An alternative approach involves targeting synthetic lethal partners of mutated KRAS, which compromises the viability of the cancer cells. One such partner is protein kinase p38α, also known as mitogen-activated protein kinase 14. This nononcogenic signaling molecule is involved in orchestrating many cellular processes.
The results of the current study revealed that p38α expression correlates with malignancy and poor prognosis in lung adenocarcinoma patients. P38α promotes KRAS-driven tumor growth. The researchers from the Institute for Research in Biomedicine (IRB Barcelona) demonstrated that p38α regulates targets such as TIMP-1, a metalloproteinase inhibitor. Here, p38α promotes the expression of TIMP-1, which in turn stimulates cell proliferation in an autocrine manner.
The study confirms p38α as a synthetic lethal interactor of KRAS in lung epithelial cells. The researchers artificially blocked the production of p38α, which allowed them to determine that p38α activity is required for genetically induced lung tumors to progress to advanced stages.
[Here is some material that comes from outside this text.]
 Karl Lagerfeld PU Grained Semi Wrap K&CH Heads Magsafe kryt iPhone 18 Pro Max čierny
Moreover, cancer cells rely on p38α signaling to proliferate within the lung in vivo. Specifically, while metastasis of lung cancer depends on p38α, the malignancy and size of the tumor are determined by p38α levels.
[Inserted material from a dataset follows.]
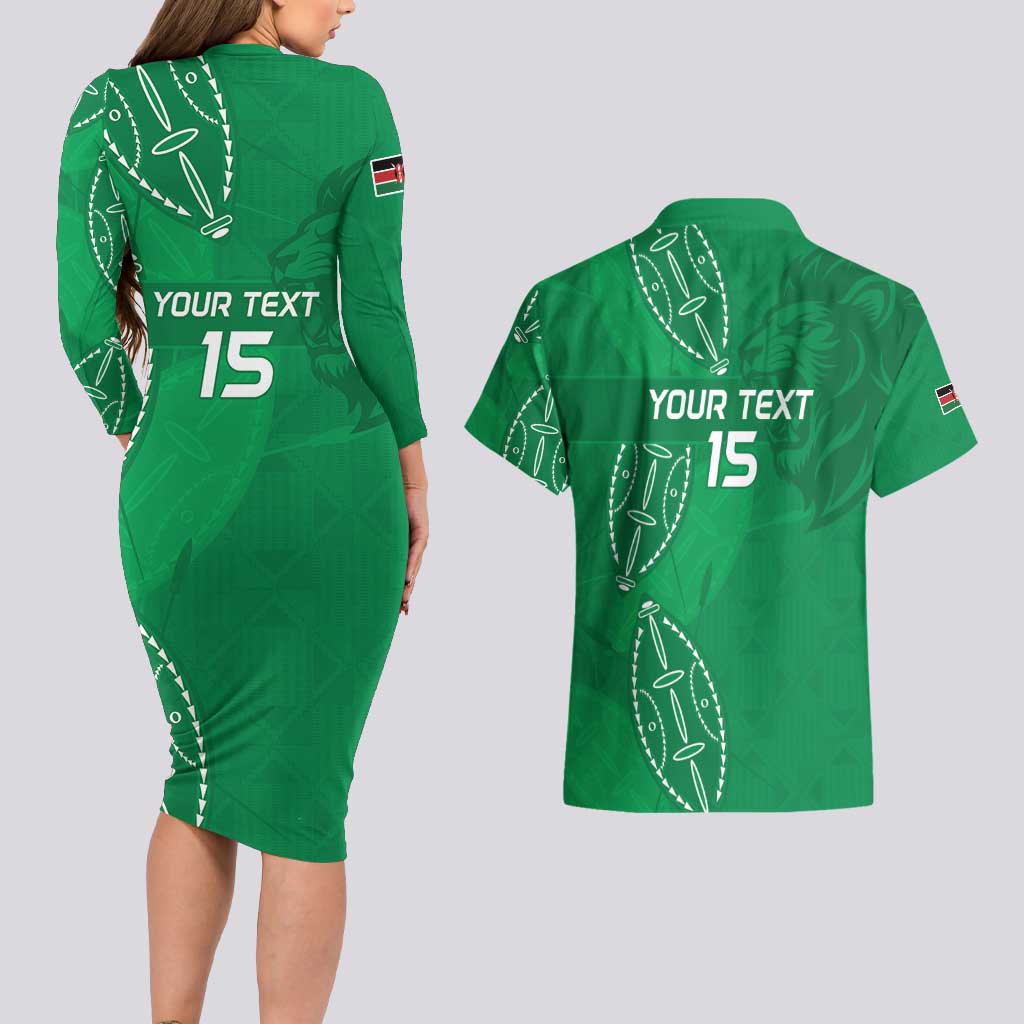 Kenya Rugby Custom Couples Matching Long Sleeve Bodycon Dress and Hawaiian Shirt Go Champions Simbas - Green Color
Lung tumor stained for proliferating cells (brown). Image courtesy of IRB Barcelona.
Other studies utilizing information from cancer genome databases confirm that patients with lower levels of p38α in tumors have a more favorable prognosis. Overall, the results of the study show the protumorigenic function of p38α in epithelial cancer cells of KRAS-driven lung tumors.
This research "shows how tumors exploit a protein, which in principle protects healthy lung cells, for their own progression," said lead author Jessica Vitos, PhD, in a statement. The study may lead to the development of new therapeutic applications.
"Chemical compounds that inhibit p38α function would interfere with the growth of lung cancer cells," she explained.